* _To do_
Return exactly the lines from the start of the records below through the line containing "gioielli - https://cmsilverejewels.myshopify.com/", both ends included, and leave out the pictures.

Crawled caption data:
————

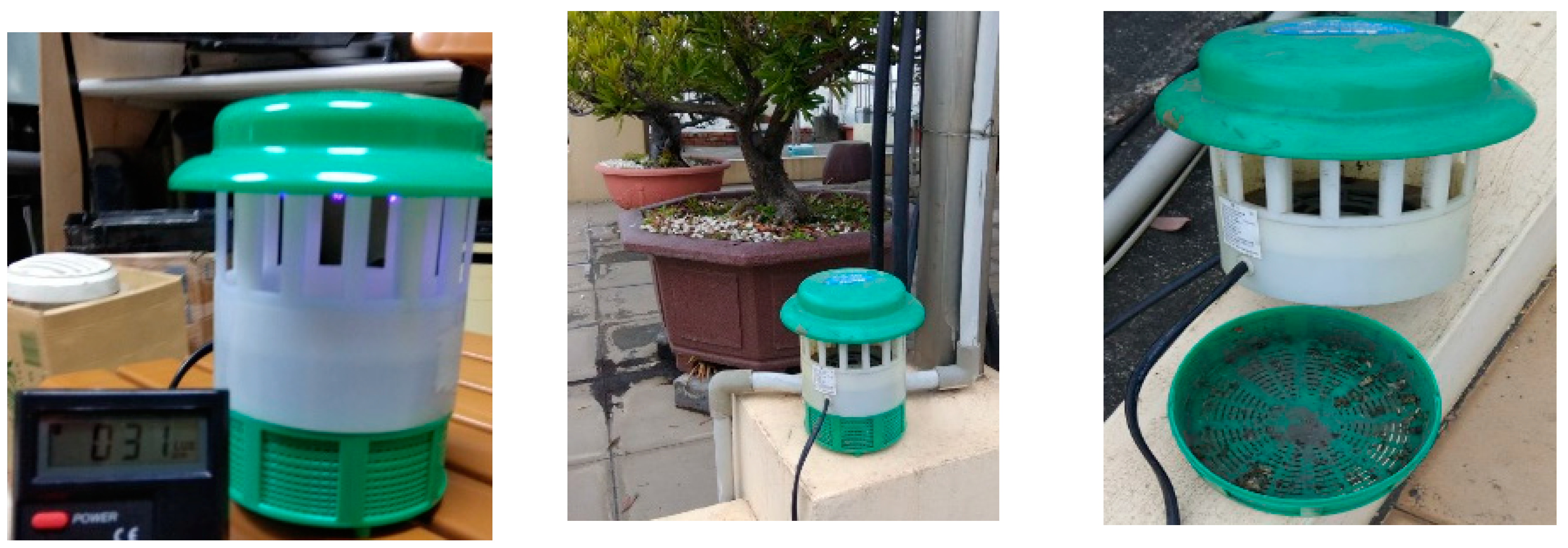 Crystals 09 00139 g010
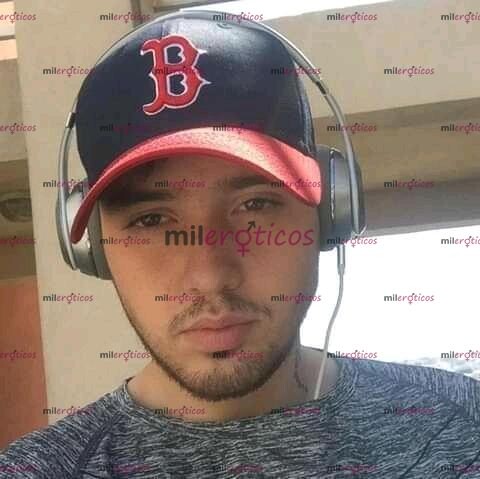 FOTOS DE FORANEO VERGON ACTIVO, CORTA TEMPORADA, LLAMA O MANDA WHATSAPP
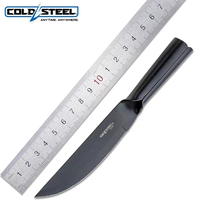 American cold steel Bushman hatchet 95BUSK set can install pole outdoor equipment self-defense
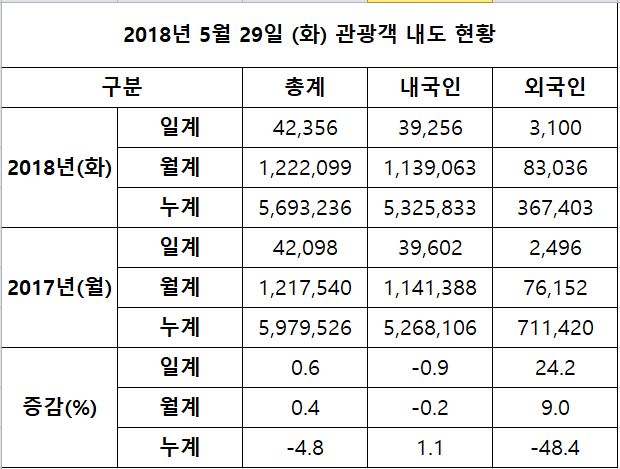 캡처1.JPG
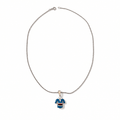 gioielli - https://cmsilverejewels.myshopify.com/ - argento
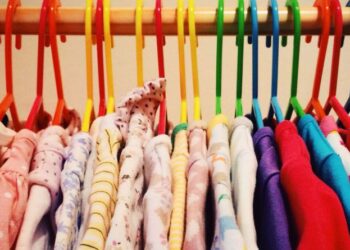 Processed With Vscocam With C2 Preset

————

* _Result_
 Crystals 09 00139 g010
 FOTOS DE FORANEO VERGON ACTIVO, CORTA TEMPORADA, LLAMA O MANDA WHATSAPP
 American cold steel Bushman hatchet 95BUSK set can install pole outdoor equipment self-defense
 캡처1.JPG
 gioielli - https://cmsilverejewels.myshopify.com/ - argento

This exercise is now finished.